DATA EXTRACT –
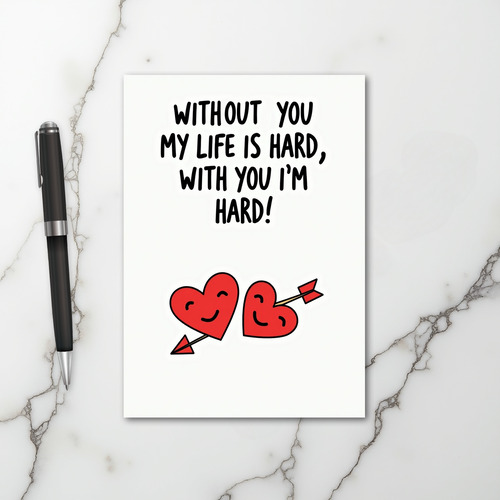 Funny Naughty Hard Love Card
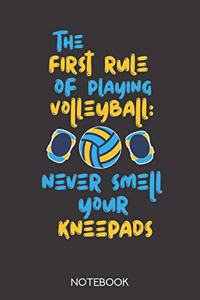 The first rule of playing volleyball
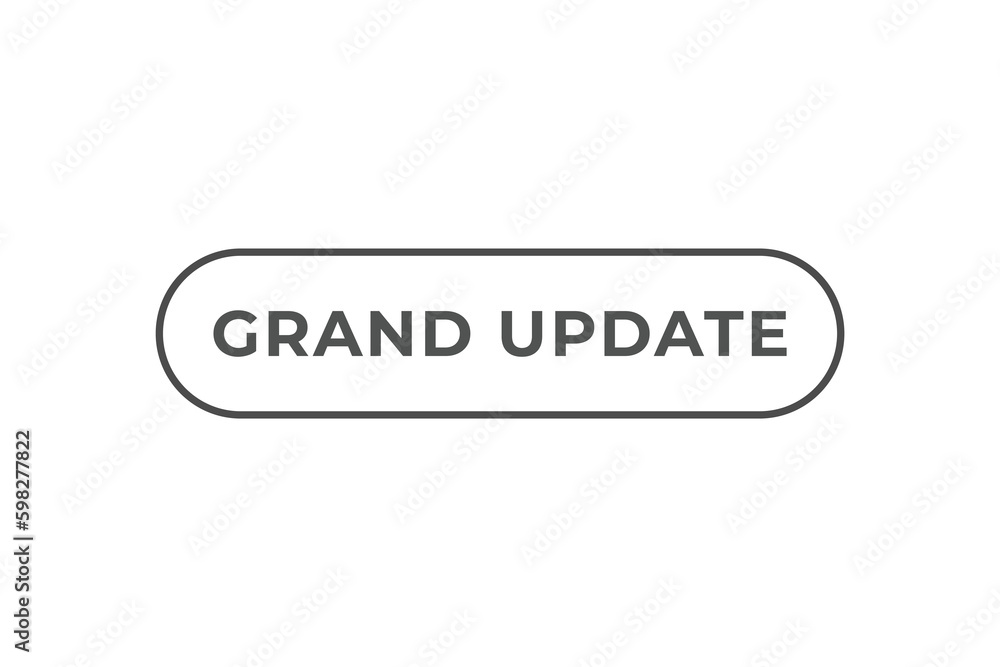 Grand Update Button. Speech Bubble, Banner Label Grand Update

WHAT YOU WILL DO – Return the whole listing word for word, minus its pictures.

RESPONSE –
 Funny Naughty Hard Love Card
 The first rule of playing volleyball
 Grand Update Button. Speech Bubble, Banner Label Grand Update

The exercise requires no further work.